What the task asks:
In the listing that follows, how many lines have the word "through" in them? Give only the number.

=-=-=-=-=

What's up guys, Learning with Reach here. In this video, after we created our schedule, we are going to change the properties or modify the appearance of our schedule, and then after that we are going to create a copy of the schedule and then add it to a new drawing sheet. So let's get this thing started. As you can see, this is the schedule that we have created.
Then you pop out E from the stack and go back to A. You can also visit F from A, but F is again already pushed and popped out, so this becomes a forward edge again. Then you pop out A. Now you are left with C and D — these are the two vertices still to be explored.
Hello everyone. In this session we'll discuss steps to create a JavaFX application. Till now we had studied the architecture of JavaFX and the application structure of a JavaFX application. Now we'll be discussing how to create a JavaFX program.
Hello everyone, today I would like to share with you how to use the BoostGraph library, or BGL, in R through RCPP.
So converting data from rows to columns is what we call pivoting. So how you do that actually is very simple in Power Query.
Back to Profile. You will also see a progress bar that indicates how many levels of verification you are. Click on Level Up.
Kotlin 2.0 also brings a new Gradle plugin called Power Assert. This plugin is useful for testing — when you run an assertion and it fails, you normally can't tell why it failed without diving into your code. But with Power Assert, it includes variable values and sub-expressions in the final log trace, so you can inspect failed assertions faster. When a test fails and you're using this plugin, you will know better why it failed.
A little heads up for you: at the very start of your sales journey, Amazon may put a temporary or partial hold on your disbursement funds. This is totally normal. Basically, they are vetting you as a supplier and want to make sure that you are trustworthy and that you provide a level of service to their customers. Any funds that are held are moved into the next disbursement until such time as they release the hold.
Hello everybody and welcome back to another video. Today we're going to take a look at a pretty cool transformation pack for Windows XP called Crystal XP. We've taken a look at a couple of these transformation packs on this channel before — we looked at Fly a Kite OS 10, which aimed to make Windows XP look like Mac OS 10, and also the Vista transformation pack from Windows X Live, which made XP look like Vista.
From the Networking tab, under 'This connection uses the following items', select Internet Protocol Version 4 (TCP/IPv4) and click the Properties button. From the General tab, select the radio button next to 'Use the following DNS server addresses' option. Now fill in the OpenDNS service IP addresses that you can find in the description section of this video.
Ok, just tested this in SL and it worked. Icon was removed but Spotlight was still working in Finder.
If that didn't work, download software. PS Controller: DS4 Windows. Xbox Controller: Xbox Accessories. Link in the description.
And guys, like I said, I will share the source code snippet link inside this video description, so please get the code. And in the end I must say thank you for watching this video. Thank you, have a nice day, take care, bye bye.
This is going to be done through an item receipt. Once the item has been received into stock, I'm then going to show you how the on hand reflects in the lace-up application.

=-=-=-=-=

Problem solution:
2